# SidYodTong (Somerville, Massachusetts)?



## rightbackatyou (Jun 3, 2006)

Hey whats happening folks?  Glad to be a part of these forums here, hope to make the best out of the information here and hopefully one day I'll be able to make useful contributions as well.

Anyways, what do any of you know about Sidyodtong in Somerville, Massachusetts?:

http://www.sityodtong.com/

This is supposed to be the best Muay Thai/Jui Jitsu school in the entire Boston area, correct?  Are their any others?

Right now I'm just prepping, I've lost 20 pounds and now have moved on to bodybuilding, endurance and strength training to prepare myself for when I move to Boston in September and begin my MA training.  MA is something that I'm pasionate about, it means a great deal to me so any information you all could give me about Sidyodtong or just MA in the Boston area in generally would be most sincerely appreciated.


----------



## Khun Kao (Jun 4, 2006)

Its been a long time, but I think there is one other MuayThai gym in the area.  I think its called Boston MuayThai.  I no longer have their contact info, but a simple Google search should get that info for you.
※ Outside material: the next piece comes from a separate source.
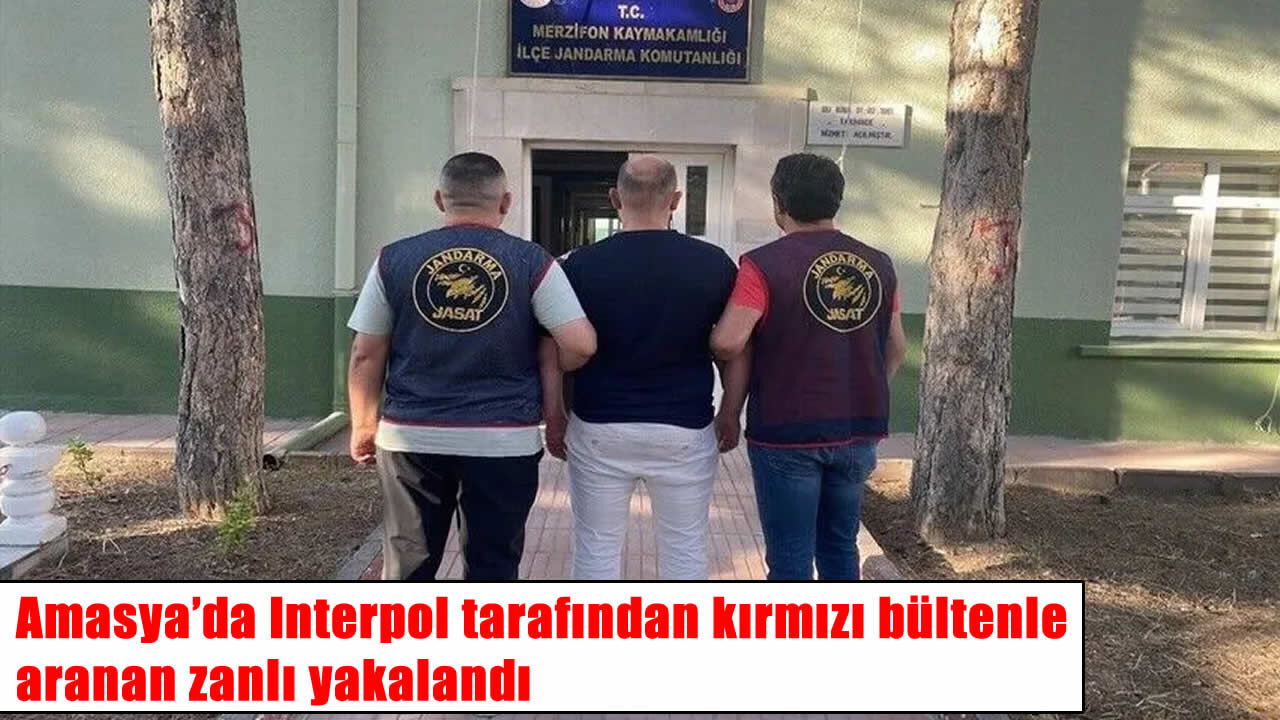 Almanya’da kırmızı bültenle aranan zanlı Amasya’da yakalandı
I am admittedly biased by referring you to Sityodtong because I have been watching their training vids and fights for years.  I have even seen some of their Boston fighters competing in person.  They are a top-notch program.

However, I have never heard anything negative of the Boston MuayThai guys either.

Just look into it on your own and choose which is better for you.


----------



## rightbackatyou (Jun 4, 2006)

Thanks alot homie 

My friend used to go there and he told me its one of the best joints on the East Coast, but I always like to hear multiple opinions.  I'm looking forward to this...


----------



## Carol (Jun 4, 2006)

Heard nothing but good things about both...but I've heard more about Somerville for Muay Thai.

Damn serious gym.  If all I hear is true...you won't be disappointed at all.


----------